:: RECORDS FOR THIS TASK ::

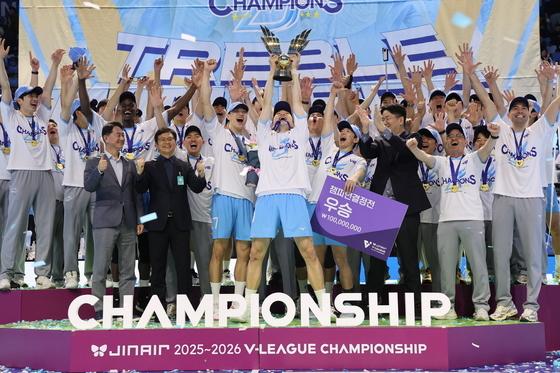 [뉴스1 PICK]대한항공, 현대캐피탈 잡고 통합 우승…'트레블' 위업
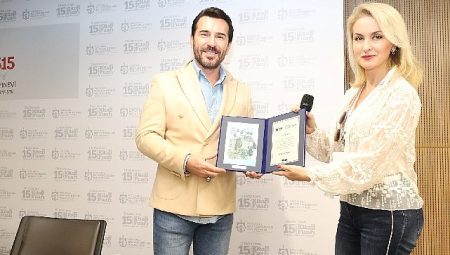 Şair Arslan, sevilen eserleriyle Kitap Fuarı’nda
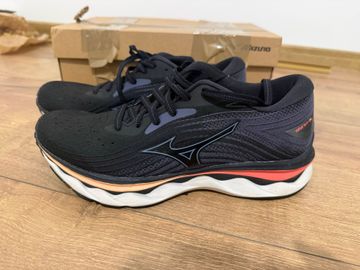 Used Mizuno Wave Sky 6 2025 Running Shoes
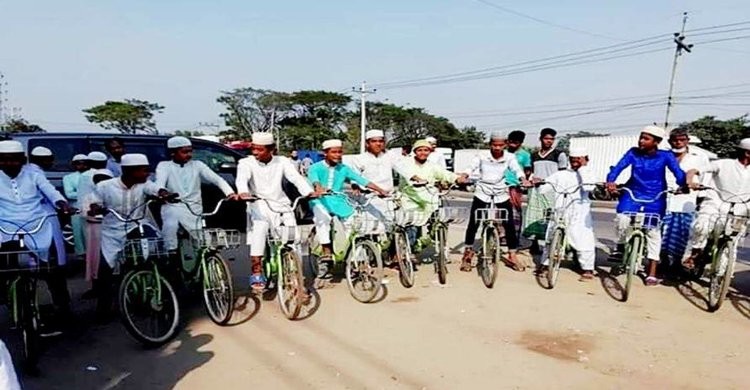 শেখেরচরে ৪০ দিন ৫ ওয়াক্ত নামাজ আদায়: বাইসাইকেল পেলো ২৭ কিশোর শেখেরচরে ৪০ দিন ৫ ওয়াক্ত নামাজ আদায়: বাইসাইকেল পেলো ২৭ কিশোর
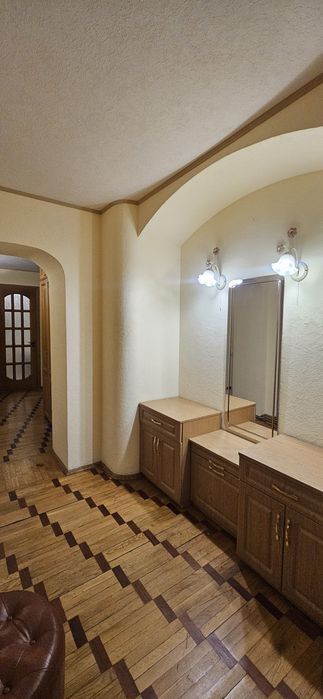 Аренда комнаты без хозяина, нагорный район парка Шевченко, рядом центр.
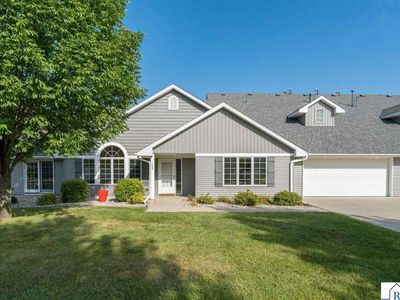749 Grayhawk Cir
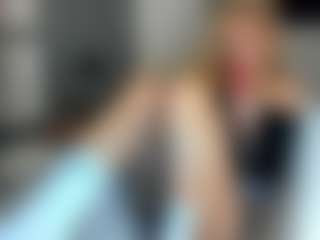 bella-sweeet's Live Sex Cam Show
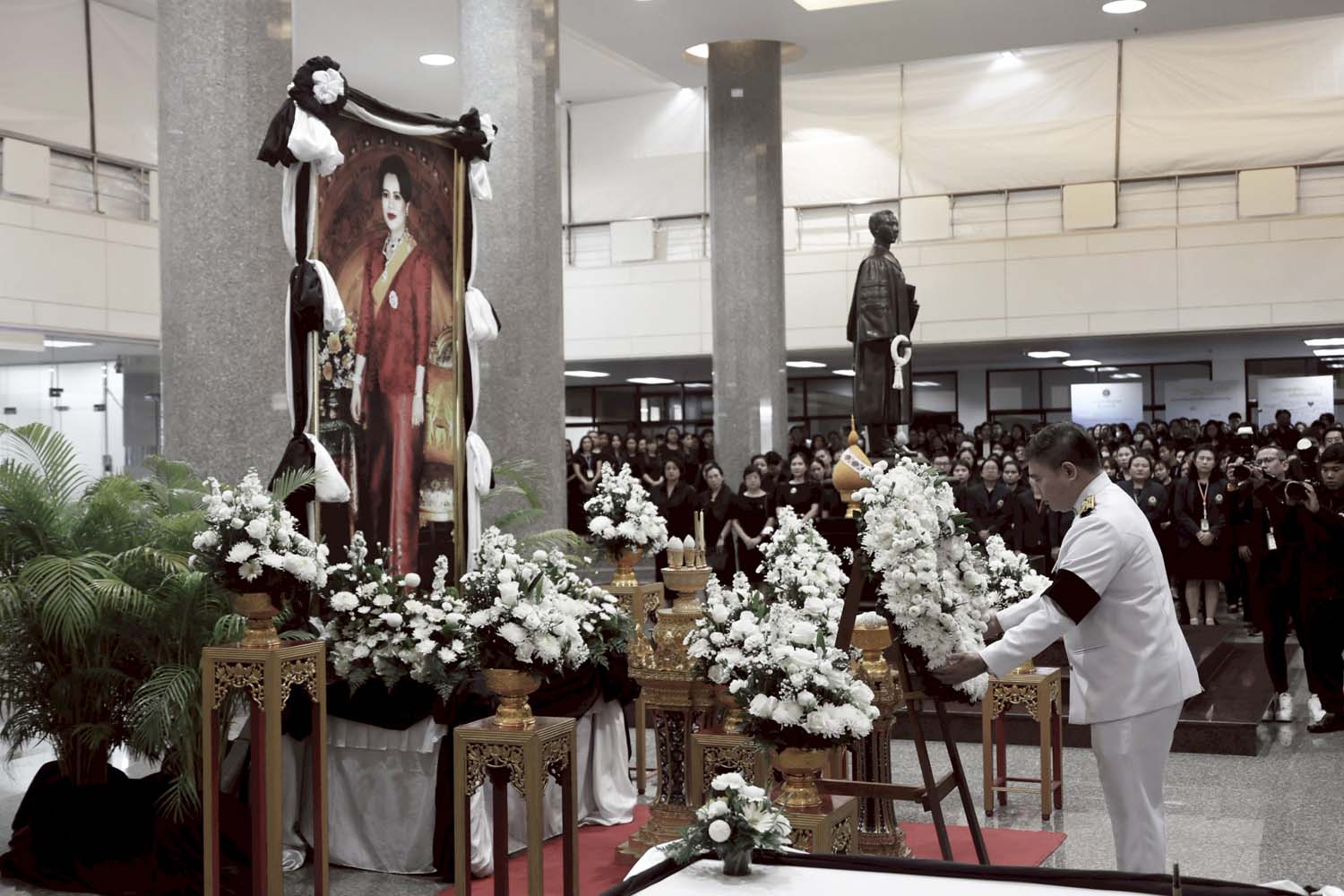 20251017-QueenSirikit68-04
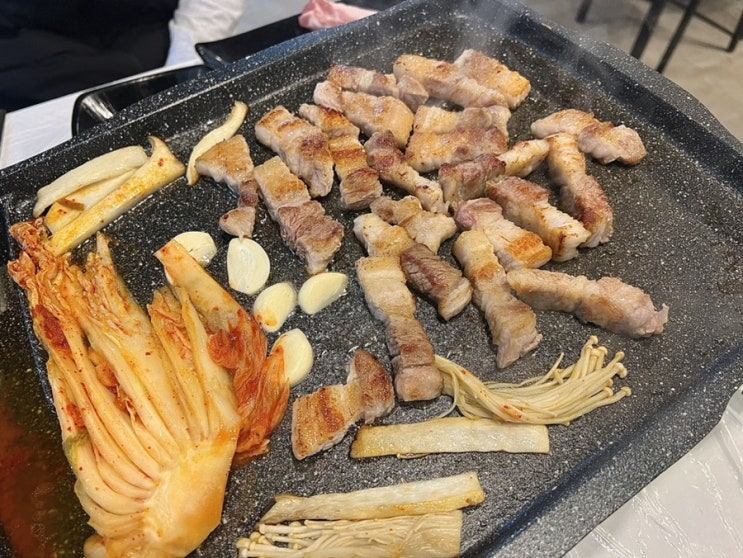  편안하게 방문하기 좋은 송탄역맛집 숙이네삼겹살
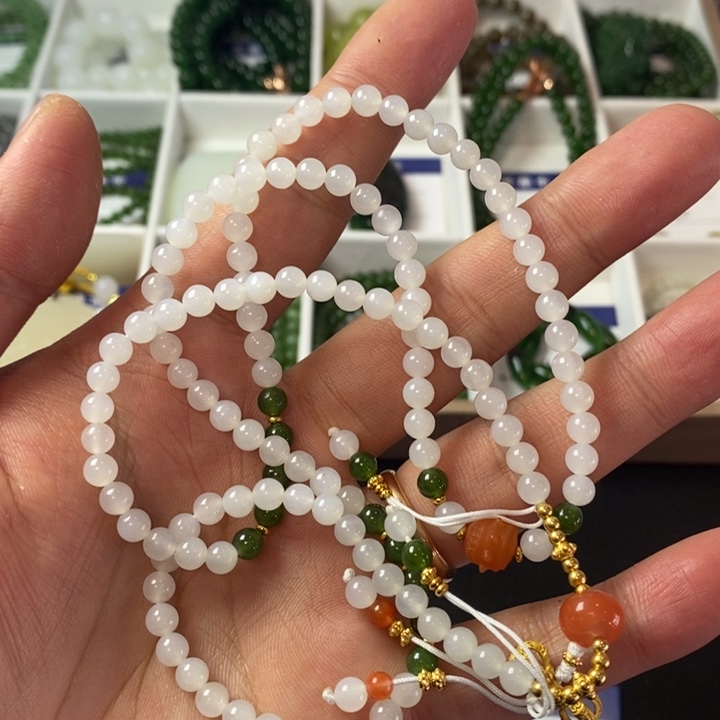 和田玉颈饰未镶嵌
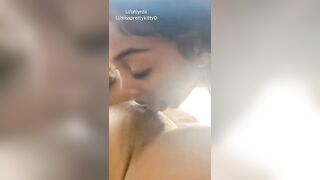 Giovane culona nera lecca la figa all'amica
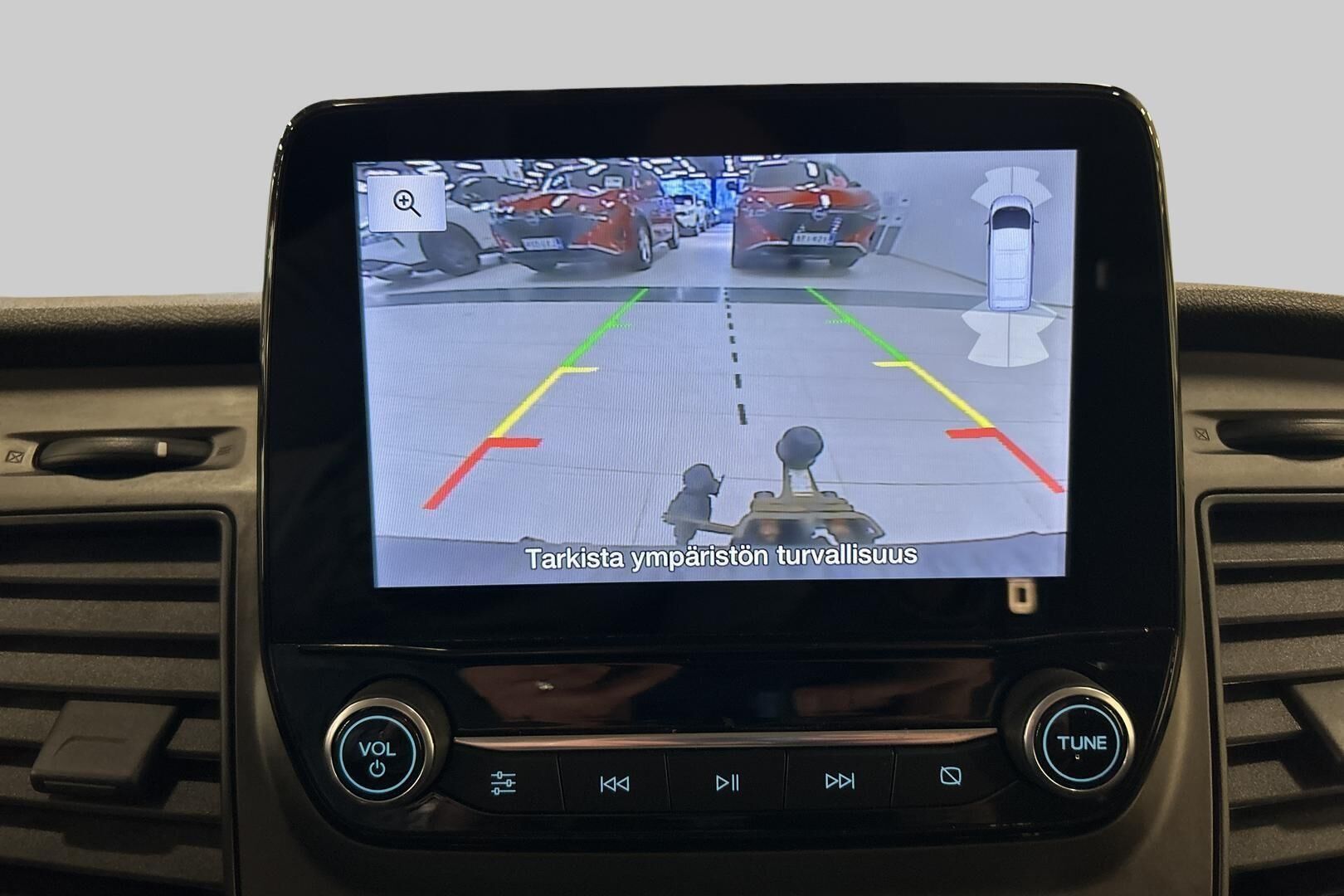 Ford Transit Custom iso kuva 24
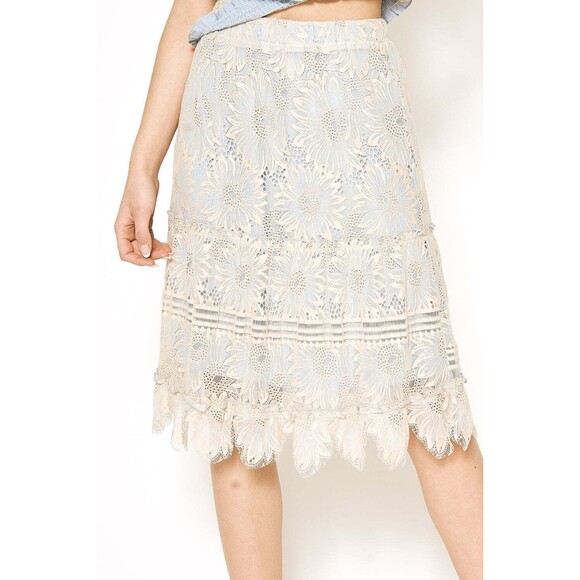 Mystree Dresses & Skirts - Mystree LACE OVERLAY SCALLOP HEM SKIRT - NWT
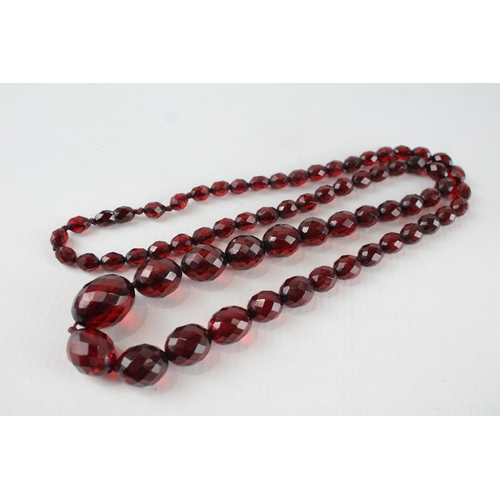 170 - Vintage cherry Bakelite graduated necklace with original screw clasp (76g)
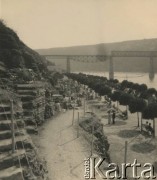 przed 1939, Zaleszczyki, woj. Tarnopol, Polska
Promenada nad Dniestrem.
Fot. Stanisław Bober, kolekcję udostępniły Danuta Mordal i Ewa Szafrańska; zbiory Ośrodka KARTA

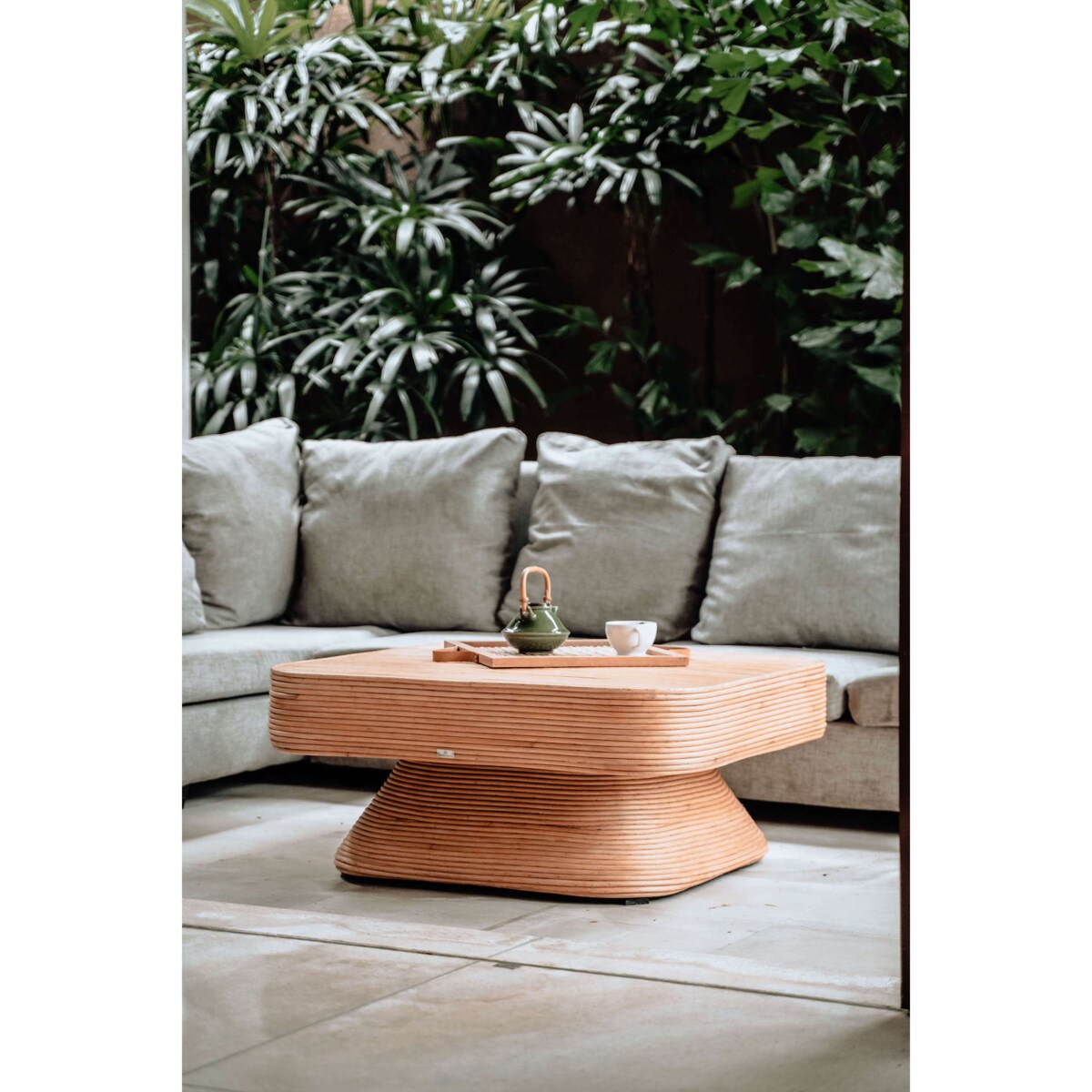 CARLA STOLIK TEGAL PROSTY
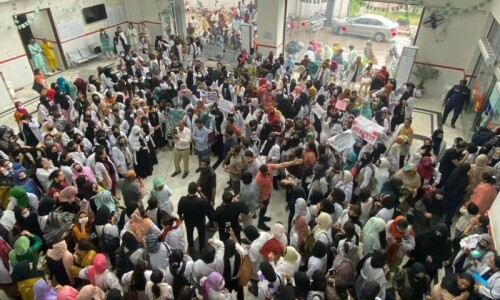 Lahore police file case as YDA, hospital staff protest against 5-year-old girl&rsquo;s alleged rape
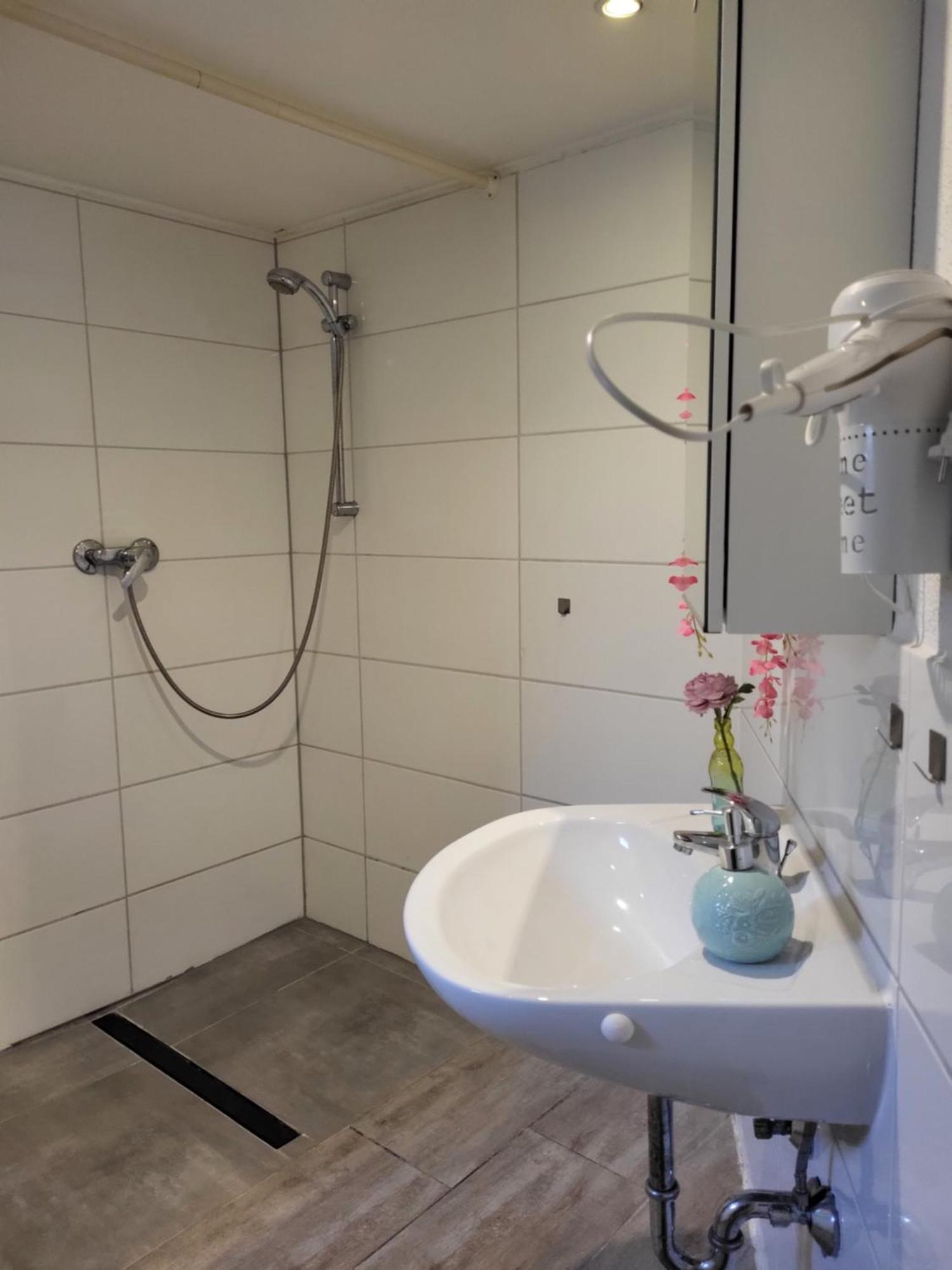 Mandelas Cozy Lounge Apartment Schmelz ภายนอก รูปภาพ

:::

Return verbatim every line from the line containing "CARLA STOLIK TEGAL PROSTY" to the last line of the entries above, inclusive, and leave out the pictures.

 CARLA STOLIK TEGAL PROSTY
 Lahore police file case as YDA, hospital staff protest against 5-year-old girl&rsquo;s alleged rape
 Mandelas Cozy Lounge Apartment Schmelz ภายนอก รูปภาพ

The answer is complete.